Sunday, February 12, 2006

Joel on Interviewing, Me on Performance.

Joel Spolsky's latest post is on interviewing interns for Fog Creek. I love how seriously he takes this, but with the same caveats he quotes as getting from other people. Bravo that last year's interns wrote their fastest growing business product almost by themselves. That's a good use of interns! (And in an industry full of big software companies that just acquire existing products and can't build them from scratch anymore, it's refreshing.)

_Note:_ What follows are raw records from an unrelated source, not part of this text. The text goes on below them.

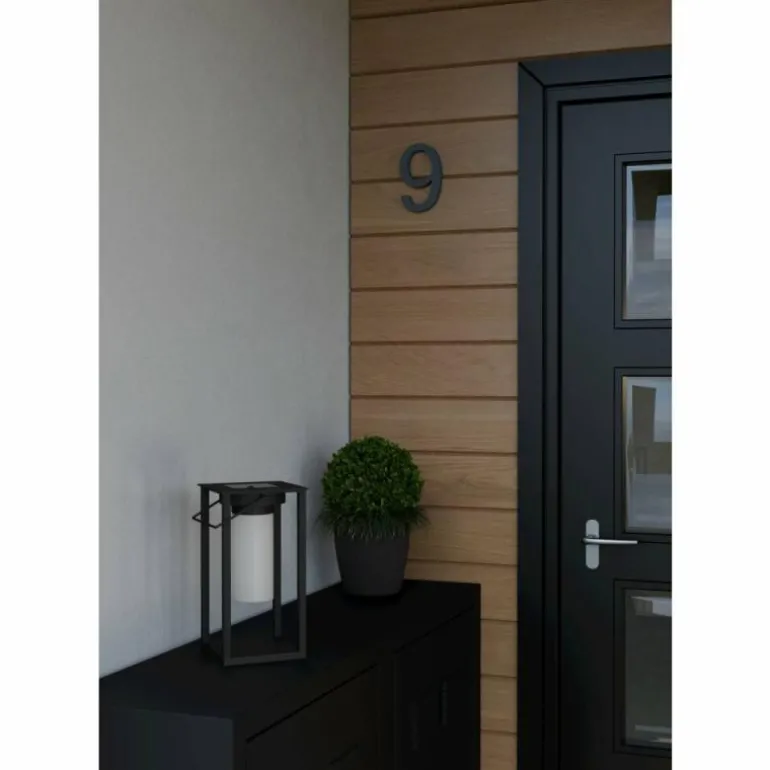 USIGNI Luminaire extérieur Luminaires Eglo LED Noir, 1 lumière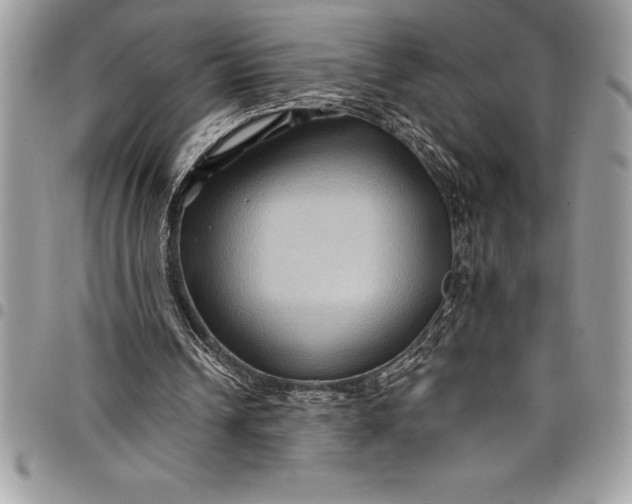 X0000097890242200803281252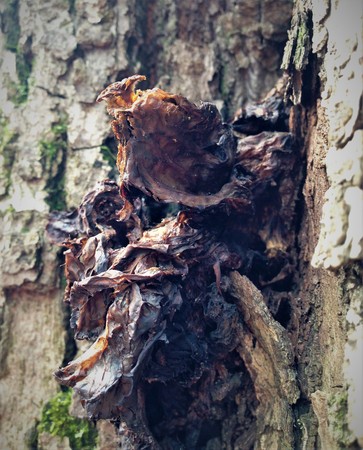 Just bark on a tree. The greatest artist is nature. Look at this photo from a distance and from different angles. You will see something quite unusual. Expressionism Abstractionism Surrealism Cubism Post-impressionismの写真素材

Joel's main goal in hiring is to get "Smart people, who get things done." (See his Guerrilla Guide to Interviewing if you haven't read it.) This makes much sense to me. Operationalizing it during interviews will mean different things to different teams and disciplines, I think. His techniques for screening developers aren't exactly the ones I'd use on UI designers, but they're not too far off. (I like giving design problems, asking for design evaluation of existing products or mockups, examples of work process and deliverables, and willingness and ability to do the boring and hard stuff in order to push work through to completion. Checking ability and interest in learning is part of this last item.)

I was talking to a friend recently about how academic journal and conference reviews are "how professionals enact their discipline," by setting up the boundaries they want on what counts as quality work and what is worth letting in to extend or challenge their field. (It takes a brave reviewer, even in a cross-disciplinary field like HCI, to recognize something from a very different perspective as a valuable contribution to the discipline.) The same could be said for the hiring process, although far less abstractly -- and it's a little more tactical. Your target processes are always going to be moving-- hopefully improving-- but you have to hire for short term success as well as investing in the future.

Hiring is hard in part because most folks aren't good at articulating what needs to get done, and how to evaluate people for those abilities. So often the emphasis ends up on wishy-washy and dangerous "cultural fit" terms, because the objective measures are missing. Performance reviews, which are obviously (or maybe not!) related to the hiring problem, are prone to the same failures; a lack of understanding of what needs to be done in an organization can lead to subjective personality measures instead of objective measures of what got done and how and what we need to do next year. (I sometimes wonder: what if, instead of the traditional performance review methods HR depts foist on us, we were to do the interview process all over again -- with a focus on what got done in the last year, instead of previous company work? No, I don't mean we fire people who get thumbs down; but we evaluate concrete work as if we hadn't spent the year with them disagreeing or drinking after hours and learning about their cheating ways or charity contributions.)

It makes sense to me that in organizations with a poor understanding of what their business is, with an incomplete understanding of how to achieve and how to measure success, you'll also find questionable (and confused) hiring and equally poor performance review processes. But in companies like Joel's that know how to measure success, hiring, retaining, and evaluation of employees is downright rational.